With another speaker review wrapping up in the big system, the newcomers got duly frogmarched into the entertainment room. Here they temporarily displaced our usual German Physiks HRS-120 to limber up from their journey and let their wooden bits acclimate to the new far lusher surroundings. Cueing up the Flamenco/Qawwali shindig between Miguel Poveda, Duquende and Faiz Ali Faiz on DVD quickly showed these boffins to be ultra resolved and articulate even cold out of their coffins. We'd use them here for a few days watching the Shetland BBC series before taking a more serious pulse in the big music room. Initial suspicions with an Oppo BDP-105D, Esoteric C03 set to "passive" no-gain mode, Job 225 and a pure-silver Ocellia loom were that I'd probably go after warmer gear like our Pass Labs XA30.8 with Fore Audio DAISy1 valve converter for the real test. Noteworthy already at this early stage was excellent off-axis response. Being used to the full-bandwidth German omnis here sets a top benchmark in a discipline where Julieta far from embarrassed herself. She also got high marks for very finessed layering on ambient fill as it shows up behind and around film dialogue. 'Ominous mode' LF energies which soundtracks mix in nearly subliminally to suggest dread came off uncurtailed. That's not the bombast of submarine rocket launches but the barely-there stuff which smaller speakers can easily miss.
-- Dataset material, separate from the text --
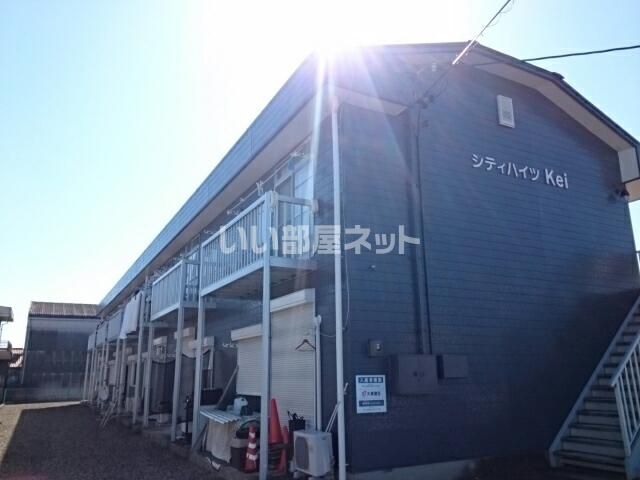 シティハイツKeiの外観画像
With its outward flare toward the back, on both sides and the top to only leave the front/rear baffles in parallel, this cabinet obviously locked in very low lossiness to magnify very fine detail across its bandwidth. Such absence of common box-talk fuzz made for very sorted staging and all'round high intelligibility. We found that particularly useful on the Shetland episodes whose often thick Scottish brogue can make following each word challenging for non natives. Finally, the speakers looked very elegant and fit our décor to the 't'.